The corona virus pandemic kills an average of 1,000 Americans a day and 4,000 worldwide, and this should not be the new normal, said Dr. Tom Inglesby, director of the Bloomberg School Health Safety Center, at a press conference Thursday.

“We can do better than this,” Inglesby said. “I’m afraid people have accepted where we are as a new normal and it’s not normal.”

Some countries have hundreds or even thousands of new Covid-19 cases every day and Inglesby shows that countries like New Zealand and Thailand have pushed their cases to zero.

“Are we resigning to losing 1,000 Americans a day, until we have a vaccine?” He asked. “I hope we don’t do it.”

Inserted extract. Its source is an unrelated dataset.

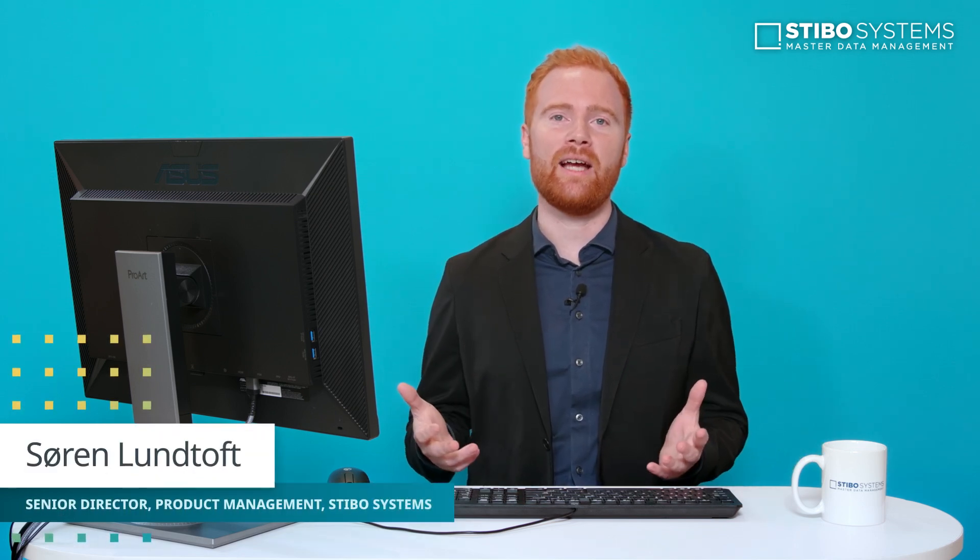Hi, my name is Saren Lundschaft. Today I'm going to show you how you can use the digital catalog as part of our PDX offering to be able to distribute and share product information and assets with your business partners downstream.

Around the world: The tactic used by New Zealand, Thailand and other countries to drive the number of cases of their corona virus is the same general practice carried out by public health officials in the United States for months: border control, extensive testing, rapid isolation, tracking, quarantine, fussy hygiene, intensive physical distance, closure of schools and workplaces and coordinated public health strategies, Inglesby said.

“We can do these things in the US and we should,” Inglesby added.

He referred to a study this week from the University of California at Berkeley that found that orders at home alone had prevented more than 62 million corona virus infections in the US so far and 530 million in the six other countries studied.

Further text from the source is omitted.